Les exemples donnés ici devraient faire réfléchir ceux qui osent invoquer la « légitime défense » quand ils justifient la politique israélienne en Cisjordanie et Gaza. Ainsi, ce commandant de régiment qui explique à ses hommes de quelle façon ouvrir le feu sur une femme et ses cinq enfants quand ils marchent la nuit le long de la clôture. « Il suffisait de les tuer et de dire ensuite que nous avions aperçu six silhouettes accroupies avançant de manière suspecte. » Les soldats qui mettent en œuvre ces ordres ne sont pas des « monstres », mais ils sont pris dans un engrenage qui laisse rarement le choix. Les appelés français de la guerre d’Algérie l’ont appris dans la douleur…

S’arracher à ces chaînes n’est pas chose facile en Israël. L’armée y est une institution quasiment sacrée. Le réserviste sert toujours avec les mêmes copains, refuser de les rejoindre est perçu comme une trahison. Chacun explique dans cet ouvrage son déchirement, le long cheminement d’une décision qui n’a jamais été facile à prendre. L’un d’eux raconte comment, un jour de sa guérite, il a observé une famille palestinienne. « Je les ai vus se lever le matin, habiller les enfants pour qu’ils aillent à l’école, tandis que les grands-parents allaient travailler dans les serres. Ils logeaient dans un baraquement pitoyable, avec un toit en fer-blanc. Après le repas, ils se reposaient et fumaient le narguilé. Puis les enfants revenaient de l’école et aidaient les adultes. Je les ai observés pendant six heures, j’ai vu leur existence dans le moindre détail et cela m’a fait souffrir. » Ce soldat découvrait tout simplement en l’Autre un être humain comme lui, avec les mêmes aspirations et les mêmes peurs. Et il décida alors de rompre avec la logique « tribale », celle qui fait que la souffrance de l’Autre ne peut jamais se mesurer à l’aune de la sienne…
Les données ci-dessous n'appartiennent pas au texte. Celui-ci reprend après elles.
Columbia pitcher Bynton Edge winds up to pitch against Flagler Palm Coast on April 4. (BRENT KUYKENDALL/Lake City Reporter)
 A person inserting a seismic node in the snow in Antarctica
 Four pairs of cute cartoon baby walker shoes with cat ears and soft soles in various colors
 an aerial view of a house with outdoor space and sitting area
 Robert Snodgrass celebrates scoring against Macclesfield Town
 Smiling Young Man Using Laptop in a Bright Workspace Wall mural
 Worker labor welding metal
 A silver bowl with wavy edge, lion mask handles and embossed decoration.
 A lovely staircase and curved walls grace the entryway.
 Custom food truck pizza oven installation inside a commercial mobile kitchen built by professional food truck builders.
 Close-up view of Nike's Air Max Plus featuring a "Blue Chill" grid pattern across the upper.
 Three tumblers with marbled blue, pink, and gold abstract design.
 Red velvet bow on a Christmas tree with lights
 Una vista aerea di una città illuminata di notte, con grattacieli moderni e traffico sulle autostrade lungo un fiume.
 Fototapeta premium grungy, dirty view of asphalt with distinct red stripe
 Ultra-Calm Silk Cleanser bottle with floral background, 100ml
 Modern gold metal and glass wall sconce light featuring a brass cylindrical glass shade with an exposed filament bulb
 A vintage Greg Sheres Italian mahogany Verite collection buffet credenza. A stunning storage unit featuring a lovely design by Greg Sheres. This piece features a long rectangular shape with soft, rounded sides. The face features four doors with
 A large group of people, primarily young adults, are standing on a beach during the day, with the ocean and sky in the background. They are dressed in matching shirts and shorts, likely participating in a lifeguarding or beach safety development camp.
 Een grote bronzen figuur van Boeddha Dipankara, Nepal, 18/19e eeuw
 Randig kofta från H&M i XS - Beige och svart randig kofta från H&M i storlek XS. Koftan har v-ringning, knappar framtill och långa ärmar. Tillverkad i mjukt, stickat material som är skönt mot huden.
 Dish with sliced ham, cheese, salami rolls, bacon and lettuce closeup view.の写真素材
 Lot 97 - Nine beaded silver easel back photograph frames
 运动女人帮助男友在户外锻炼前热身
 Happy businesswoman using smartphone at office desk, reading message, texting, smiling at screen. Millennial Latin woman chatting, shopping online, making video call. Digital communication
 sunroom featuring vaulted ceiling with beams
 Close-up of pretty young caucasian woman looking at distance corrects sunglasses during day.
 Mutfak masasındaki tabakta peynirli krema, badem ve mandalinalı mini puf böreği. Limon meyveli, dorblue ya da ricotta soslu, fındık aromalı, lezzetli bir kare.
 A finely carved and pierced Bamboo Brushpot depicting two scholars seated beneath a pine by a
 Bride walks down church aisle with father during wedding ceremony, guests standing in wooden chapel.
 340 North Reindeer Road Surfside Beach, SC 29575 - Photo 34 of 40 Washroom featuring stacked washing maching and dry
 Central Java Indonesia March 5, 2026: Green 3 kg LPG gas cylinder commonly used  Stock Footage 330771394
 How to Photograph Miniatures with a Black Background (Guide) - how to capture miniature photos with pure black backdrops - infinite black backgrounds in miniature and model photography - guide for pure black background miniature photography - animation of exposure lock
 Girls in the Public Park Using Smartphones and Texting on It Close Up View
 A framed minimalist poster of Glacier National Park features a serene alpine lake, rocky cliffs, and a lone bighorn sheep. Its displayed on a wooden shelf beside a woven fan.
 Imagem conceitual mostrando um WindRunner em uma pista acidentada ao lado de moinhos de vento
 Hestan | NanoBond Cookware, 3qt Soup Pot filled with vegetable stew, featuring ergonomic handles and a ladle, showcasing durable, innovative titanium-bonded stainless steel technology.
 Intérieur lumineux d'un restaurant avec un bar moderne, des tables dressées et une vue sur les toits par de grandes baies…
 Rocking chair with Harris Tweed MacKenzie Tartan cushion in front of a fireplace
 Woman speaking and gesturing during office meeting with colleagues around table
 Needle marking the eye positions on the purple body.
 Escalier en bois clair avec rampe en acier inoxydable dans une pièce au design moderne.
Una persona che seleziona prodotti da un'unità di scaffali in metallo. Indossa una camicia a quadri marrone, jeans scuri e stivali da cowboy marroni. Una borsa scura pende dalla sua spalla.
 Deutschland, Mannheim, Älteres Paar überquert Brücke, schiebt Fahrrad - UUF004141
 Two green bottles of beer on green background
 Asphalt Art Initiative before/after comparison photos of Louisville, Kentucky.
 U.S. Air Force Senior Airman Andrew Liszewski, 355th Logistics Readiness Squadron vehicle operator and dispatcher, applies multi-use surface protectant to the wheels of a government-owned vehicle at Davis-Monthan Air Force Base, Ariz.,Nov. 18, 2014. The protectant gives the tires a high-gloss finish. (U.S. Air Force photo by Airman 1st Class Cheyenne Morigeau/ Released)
Chacun des témoins l’affirme, l’occupation corrompt, elle corrompt avant tout l’occupant. Elle ébranle les sociétés démocratiques, qui en viennent à violer les valeurs dont elles se réclament. Imaginons un moment que la guerre d’Algérie au lieu de durer sept ans se soit poursuivie pendant plus de trente-cinq ans, dans quel état seraient la société, la démocratie françaises ? Le conflit israélo-palestinien est avant tout un affrontement politique. Nous savons depuis longtemps, et l’immense majorité de la communauté internationale le reconnaît, qu’il n’y aura pas de paix sans la création d’un Etat palestinien véritablement indépendant aux côtés de l’Etat d’Israël. Nous savons aussi que les deux peuples ne sont pas sur un pied d’égalité, l’un a un Etat l’autre pas, l’un occupe le territoire de l’autre. Il est difficile de savoir si cette solution – à laquelle s’oppose seul le gouvernement d’extrême droite d’Ariel Sharon (avec la complicité de Washington) - pourra triompher, si la guerre américaine contre l’Irak ne plongera pas encore plus toute la région dans une guerre de civilisation sans vainqueur ni vaincu. Mais ce que nous savons, c’est que la paix ne pourra se bâtir que si, en Israël même, se dégage un mouvement suffisamment puissant pour aboutir aux nécessaires compromis. Les refuzniks témoignent que cela est possible. En septembre 1960, 121 intellectuels français signaient un appel intitulé « déclaration sur le droit à l’insoumission dans la guerre d’Algérie » : « Qu’est-ce que le civisme, lorsque, dans certaines circonstances, il devient soumission honteuse ? N’y a-t-il pas des cas où le refus est un devoir sacré, où la « trahison » signifie le respect courageux du vrai ? » Les cinquante-deux militaires israéliens ont, à leur manière, répondu à cet appel. Comme les insoumis français défendaient la France contre ceux qui bradaient les valeurs de la République, ils représentent l’honneur d’Israël.